Mark & Heinz Pagels circa 1980
In Cosmic Code: Quantum Physics as the Language of Nature, his best-selling quantum theory book, physicist Heinz Pagels explains how an alien intelligence has entered the human world and is beginning to reprogram our culture according to its own inhuman logic. Here I excerpt from his Cosmic Code a segment in which Professor Pagels foresees our inevitable quantum assimilation.

"I think the universe is a message written in code, a cosmic code, and the scientist's job is to decipher that code.

If we accept the idea that the universe is a book read by scientists, then we ought to examine how reading this book influences civilization. Scientists have unleashed a new force into our social, political and economic development--perhaps the major force. What distinguishes this new knowledge is that its source lies outside of human institutions--it comes from the material universe itself. By contrast, literature, art, the law, politics, and even the methods of science have been invented by us. But we did not invent the universe.
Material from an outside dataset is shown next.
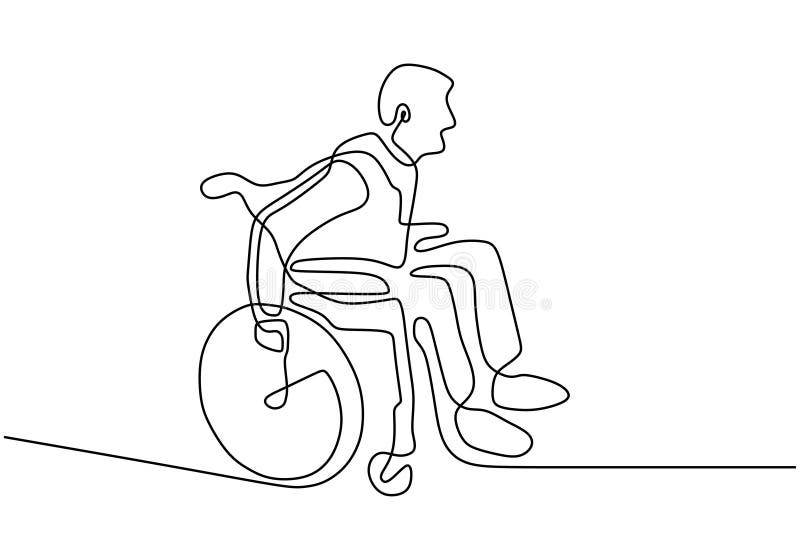 Persona con disabilità su una linea su sedia a rotelle I vettoriali con ferite e gambe rotte hanno bisogno di assistenza medica D illustrazione di stock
In 1965 I was walking through the Boston Commons with friends and met an elderly woman with bright and lively eyes. She was wearing a homemade dress. A poet, she belonged to a small community which rejected the use of machines. The woman told me that her small group saw the human spirit as corrupted by modern life and by technology. She explained that a demonic spirit had come upon this earth about three hundred years ago, a spirit inimical to humanity, which it set out to destroy. The malevolence began when the best minds were captured. The conquest was all but complete, she said, only a few held firm against the final fall. I thought of William Blake, another poet, lamenting Newton's blindness.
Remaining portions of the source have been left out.